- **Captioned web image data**

- - -

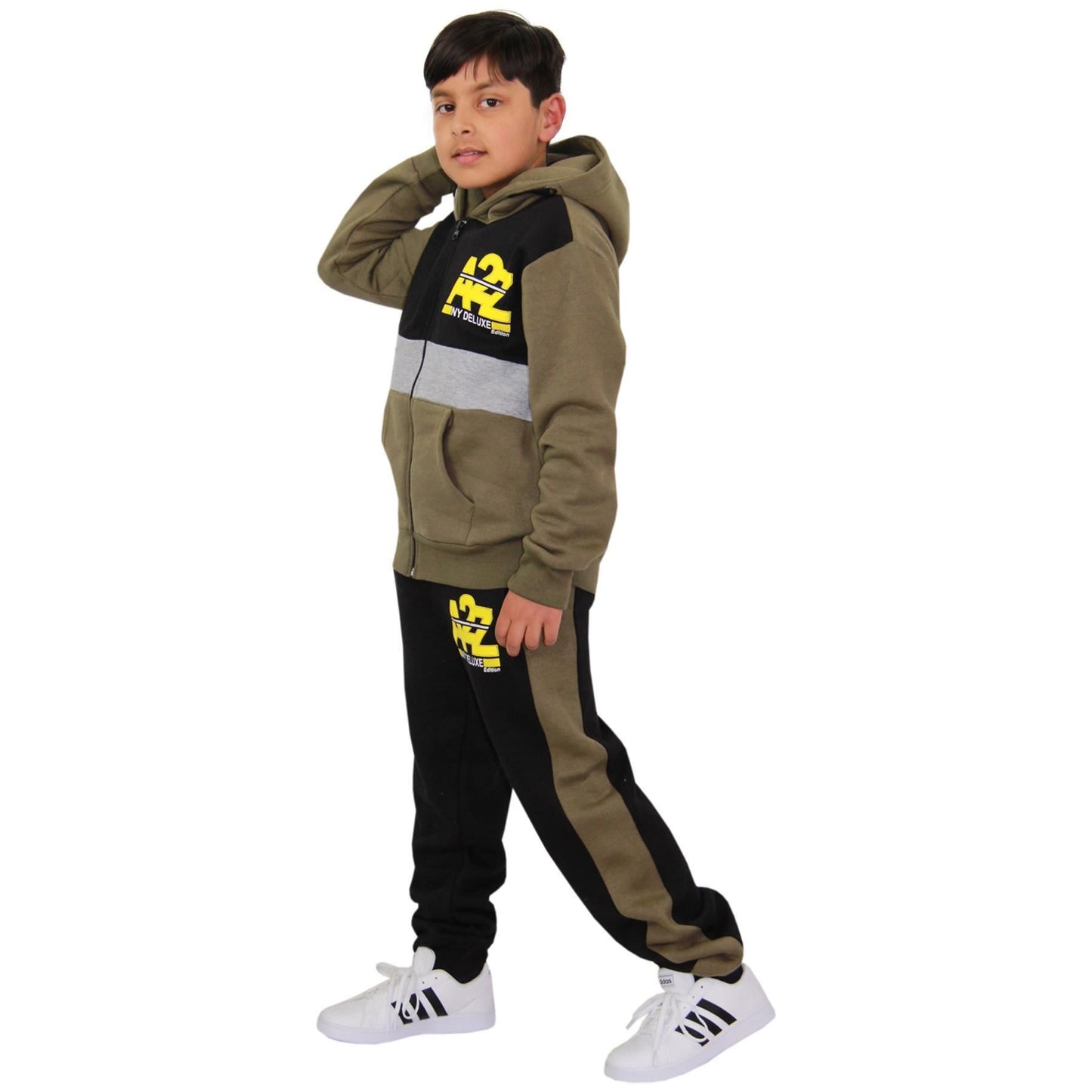 Kids Boys Girls Contrast Panel Tracksuit A2Z NY Deluxe Print Hoodie With Joggers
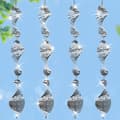 4-Pack Reflective Bird Scare Device Metal - 3D Wind Chimes with 12 Discs for Balcony & Garden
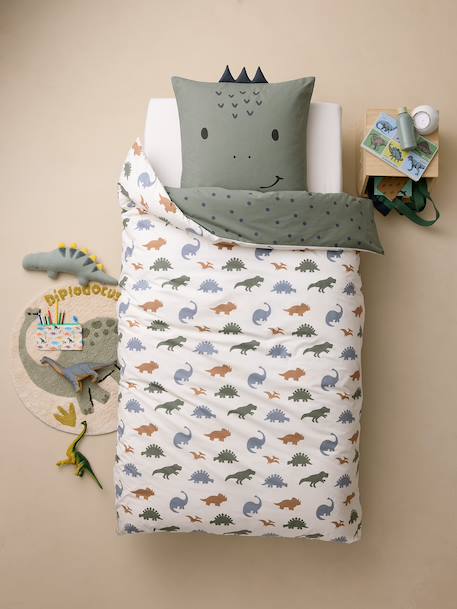 Duvet cover and pillowcase bedding set printed white 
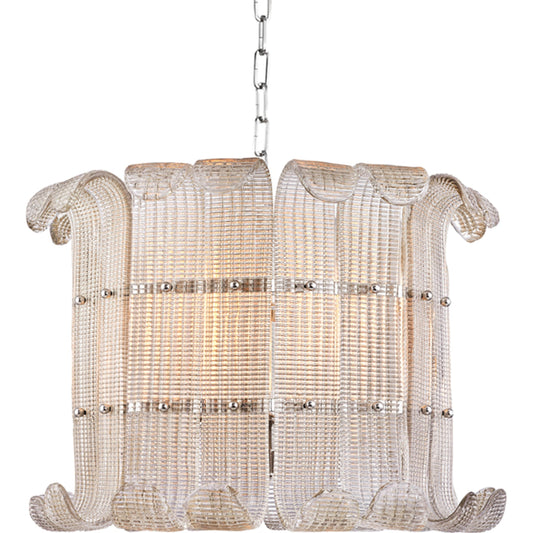 Brasher Chandelier by Hudson Valley. Made from brass in a transitional style.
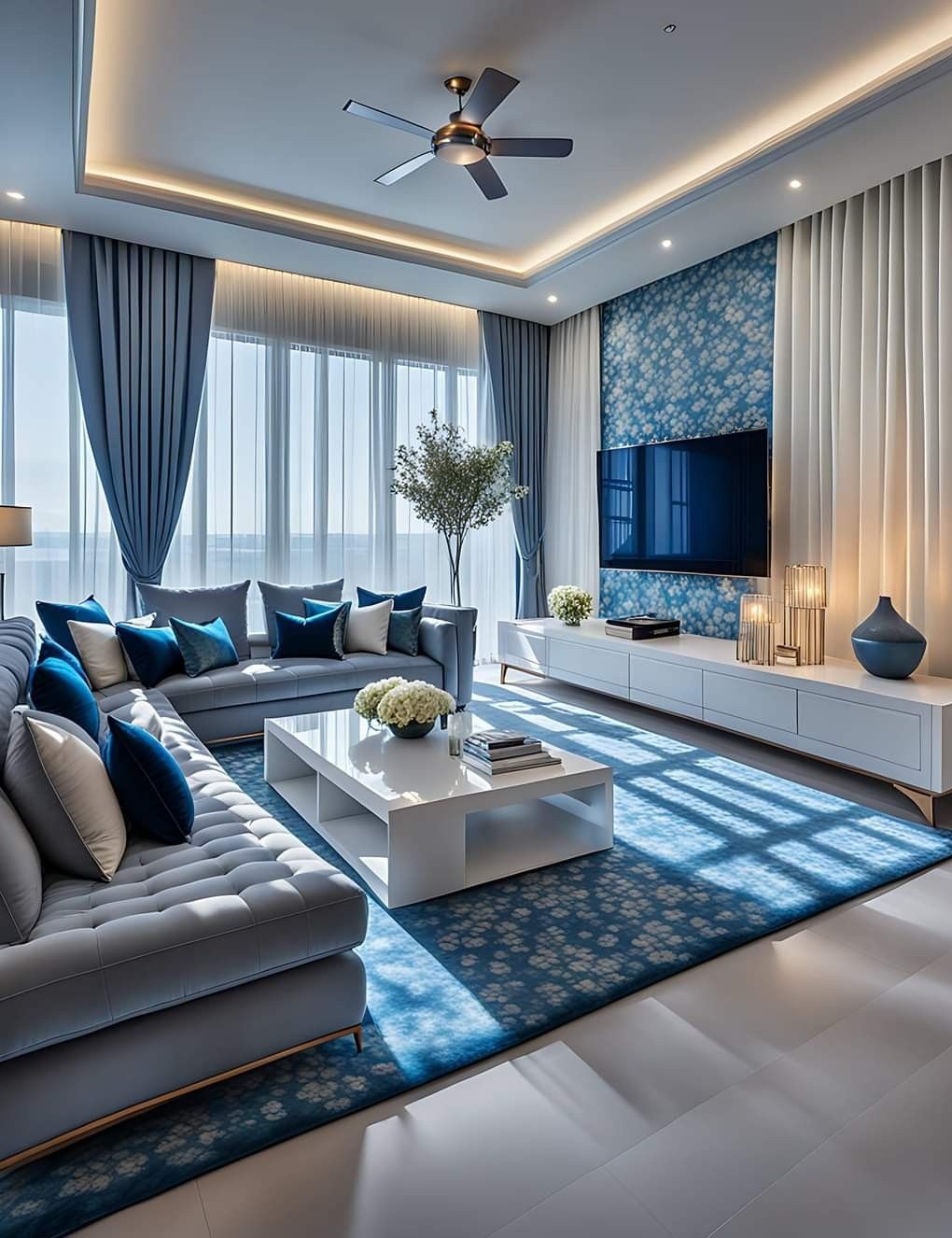 فرش سورمه ای و مبل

- - -

- **Problem description**
Your answer must be exactly the lines from the one containing "Brasher Chandelier by" through the last line of the records above, both included, with every picture left out.

- **Answer for this exercise**
 Brasher Chandelier by Hudson Valley. Made from brass in a transitional style.
 فرش سورمه ای و مبل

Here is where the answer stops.